What’s more interesting, and less talked about, is what a world of automated drivers will look like for some of the world’s most disruptive transportation companies — Uber and Lyft — and how these ridesharing companies will become part of a one-sided, commodity marketplace model with complex logistics and low profit margins.
Lyft and Uber won the war over driver supply. And I should know; one of the companies that did not win on supply against them is Taxi Magic, a company I founded.
The phenomenal success of Lyft and Uber stems from the fact that they are two-sided marketplaces. Both have incredible network effects — more drivers attract more riders, which in turn attracts even more drivers. And this virtuous circle makes the economics of these two companies very different from others in the on-demand ground travel space.
But once fully self-driving cars are available for widespread use, one side of that marketplace will collapse. Drivers will be replaced with capital, and anyone with sufficient capital will be able to put a fleet of cars on the road. Car manufacturers, city governments, perhaps Google and Tesla and others will enter the game, massively increasing the supply of cars and flooding the market.
Self-driving cars are exciting. But they also are a long way off.
With the advent of fully self-driving cars, it’s easy to imagine rideshare companies looking more and more like the airline industry. And while some of us have brand loyalty (mostly because of mileage programs), the industry as a whole is fully commoditized and there is little difference between United and American. Airlines all do the same thing (move consumers from Point A to Point B), and primarily compete on pricing in a race to the bottom.

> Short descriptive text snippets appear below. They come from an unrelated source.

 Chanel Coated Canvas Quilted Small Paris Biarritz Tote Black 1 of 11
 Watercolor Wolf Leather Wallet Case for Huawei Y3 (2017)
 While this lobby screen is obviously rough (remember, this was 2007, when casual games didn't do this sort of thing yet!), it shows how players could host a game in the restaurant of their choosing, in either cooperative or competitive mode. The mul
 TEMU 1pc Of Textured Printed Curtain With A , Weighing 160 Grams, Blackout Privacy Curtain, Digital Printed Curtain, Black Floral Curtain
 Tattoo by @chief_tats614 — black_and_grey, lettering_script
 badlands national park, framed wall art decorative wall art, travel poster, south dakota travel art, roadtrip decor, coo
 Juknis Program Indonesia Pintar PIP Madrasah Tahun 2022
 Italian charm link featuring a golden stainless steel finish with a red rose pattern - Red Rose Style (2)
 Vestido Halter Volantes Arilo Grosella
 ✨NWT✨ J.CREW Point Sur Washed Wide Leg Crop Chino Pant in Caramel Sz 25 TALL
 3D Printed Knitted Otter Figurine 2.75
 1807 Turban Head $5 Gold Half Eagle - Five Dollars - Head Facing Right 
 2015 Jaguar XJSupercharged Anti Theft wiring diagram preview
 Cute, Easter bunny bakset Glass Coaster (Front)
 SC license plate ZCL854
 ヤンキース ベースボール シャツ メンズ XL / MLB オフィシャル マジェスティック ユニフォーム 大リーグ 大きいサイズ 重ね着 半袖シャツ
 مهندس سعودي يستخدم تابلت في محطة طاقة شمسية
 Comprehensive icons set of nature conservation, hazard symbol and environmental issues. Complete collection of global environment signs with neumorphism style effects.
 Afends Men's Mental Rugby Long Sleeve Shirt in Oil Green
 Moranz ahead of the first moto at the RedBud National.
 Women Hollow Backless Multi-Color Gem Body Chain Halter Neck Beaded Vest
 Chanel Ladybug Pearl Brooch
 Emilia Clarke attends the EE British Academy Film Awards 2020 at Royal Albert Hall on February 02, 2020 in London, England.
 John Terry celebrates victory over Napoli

If this analysis is right, the industry of on-demand self-driving fleets will need apps that connect them to consumers, similar to KAYAK for airlines. This app could be Uber or Lyft, or both, but neither — as one-sided software layer connecting passengers to self-driving fleets — would be worth what they are worth now.
KAYAK is a very successful company used by millions to find air travel services, yet when Priceline bought KAYAK for $1.8 billion in 2012, KAYAK was performing 1.2 billion searches. That purchase price seems low given the quantity of searches, but it was an accurate reflection of the business’ value. KAYAK is a one-sided marketplace generating revenue through lead gen to service providers (airlines and hotels). That type of one-sided marketplace is far less valuable than a two-sided marketplace that has a locked-up supply and also manages demand.
For technology geeks like me, self-driving cars are exciting — they will make commuting safer and our daily lives easier. But they also are a long way off, and before we get to use them, there is a lot more technology to create and, beyond that, policy and legal challenges to overcome. When they come into mass use, they are likely to be awesome, creating a new platform for future startups or alternative business models for existing businesses.
One thing self-driving cars won’t do, however, is help Lyft and Uber (and other two-sided on-demand ground travel companies) maintain their existing business models or the valuations they command. While self-driving cars can help these companies create new platforms, it is hard to see how they can help them increase their value or justify valuations that these companies and their current business models now command.
As the age of the horse and buggy ended, jockeys faced a rough patch, but the age of the auto mechanic was on the horizon. This time around, we’re going to see the end of driving as an occupation. And no one stands to lose more than ridesharing companies.